Provided material –
-- -- --
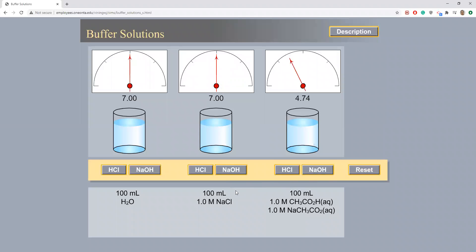Lastly, we will work with the acetic acid and sodium acetate buffer solution. An addition of 10 milliliters of 1 molar HCl solution results in a pH change from 4.74 to 4.65. An addition of 10 milliliters of 1 molar NaOH solution results in a pH change from 4.74 to 4.83.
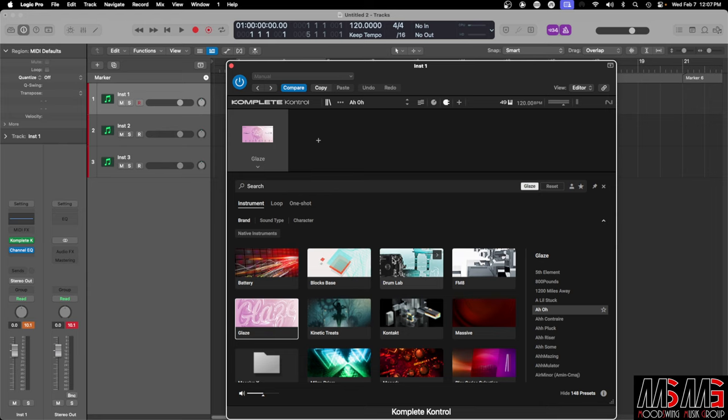You're gonna load your library in there. And once you load your library in, you're good to go. So that's how you get Complete Control to work inside of Logic.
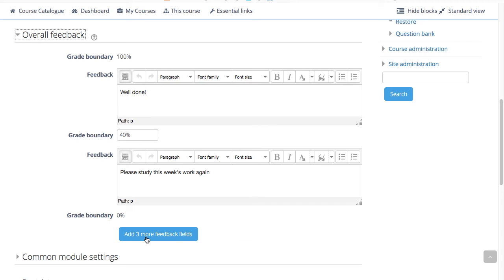If you're getting confusing error messages about boundaries being out of sequence, or boundaries must be between 0 and 100%, check that the maximum grade for the quiz is set to something greater than 0.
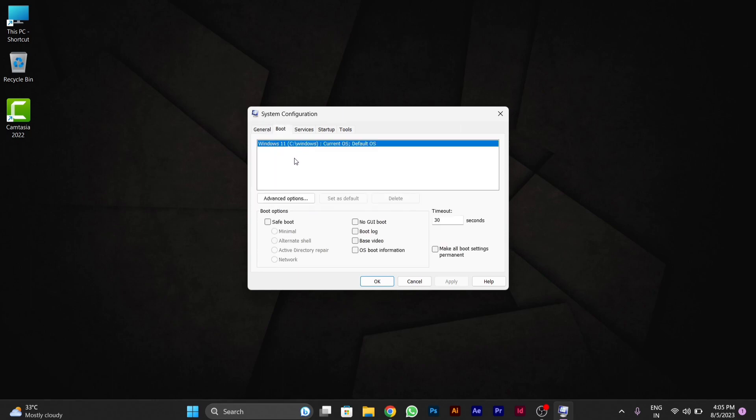You can see safe boot where you can enter safe mode easily. You have to enable network instead of minimal. After you enable network, you can use network settings after entering into safe mode.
-- -- --
Exercise goal – Word for word and without pictures, restate only the lines running from the one that contains "If you're getting" through the last line of the listing above.

Exercise solution –
If you're getting confusing error messages about boundaries being out of sequence, or boundaries must be between 0 and 100%, check that the maximum grade for the quiz is set to something greater than 0.
You can see safe boot where you can enter safe mode easily. You have to enable network instead of minimal. After you enable network, you can use network settings after entering into safe mode.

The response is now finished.